Several studies described interventions that used additional staff and/or funding, which were generally more successful than those that did not. Even with digital interventions, delivering vaccination alongside routine care may be challenging without additional resources. In the study by Burgess et al, ED staff were reluctant to take on responsibility for vaccination and felt that they lacked sufficient time.38 Likewise, Cunningham et al described how, in the absence of the dedicated immunisation nurse, combining tasks with the existing duties of ED staff made immunisation a low priority, while Buenger and Webber reported that ED staff prioritised other tasks over influenza vaccination.40 57 In the inpatient setting, Walton et al found that over half of staff expressed concerns or considered inpatient vaccination inappropriate.27 Therefore, it is important that new interventions are adequately resourced, with implementation facilitated by staff education and QI methodologies to ensure that they become embedded within care.24 34 42 54 Additional factors limiting intervention success were high levels of parental refusal and non-offer of vaccination by staff. There has been extensive research into refusal of community-based vaccination; however, future work should seek to understand the specific barriers underlying parental refusal and non-offer of opportunistic vaccination in hospital settings.

Limitations

The included papers provided variable information about the interventions, often with limited detail rendering evaluation difficult. In addition, most interventions had used several components making it difficult to draw out the impact of individual aspects.
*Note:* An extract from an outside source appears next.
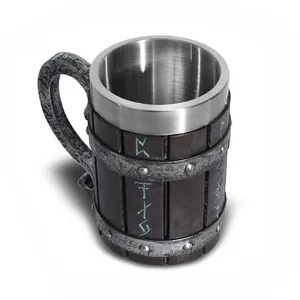 Close-up detail of a wooden barrel beer mug with stainless steel liner and Nordic runes.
Most were single centre studies that reported on local initiatives and it is challenging to determine their wider generalisability. Although studies demonstrated improved vaccination coverage, none had evaluated cost-effectiveness and few had evaluated the medium-term/long-term impact of interventions. Nevertheless, NICE suggests that any intervention that improves vaccination coverage is usually cost-effective, particularly if it benefits underserved groups.18 We did not search the grey literature and may have missed interventions used in practice via this route—this also increases the risk of publication bias. Additionally, we only included studies published in English, potentially biasing findings towards those from English-speaking countries. As with all scoping reviews, we did not formally evaluate evidence quality and, due to the studies’ varied nature, only limited synthesis of results was possible.

Conclusions

This scoping review has explored and summarised the published literature relating to interventions delivered in secondary and tertiary settings focused on improving routine vaccination uptake in CYP, with most studies demonstrating improved vaccination coverage post-intervention. Furthermore, children attending hospital appear to have lower baseline coverage than the general paediatric population and are likely to benefit from interventions in these settings. For interventions to be successful, however, there is a need for electronic immunisation registers to enable vaccination status to be quickly and accurately checked, with the UK’s transition to the eRedbook a potential long-term route to facilitate this. Although existing research suggests that opportunistic vaccination interventions in hospital settings may be beneficial, further research is needed in this area, particularly multicentre studies and cost-effectiveness analysis.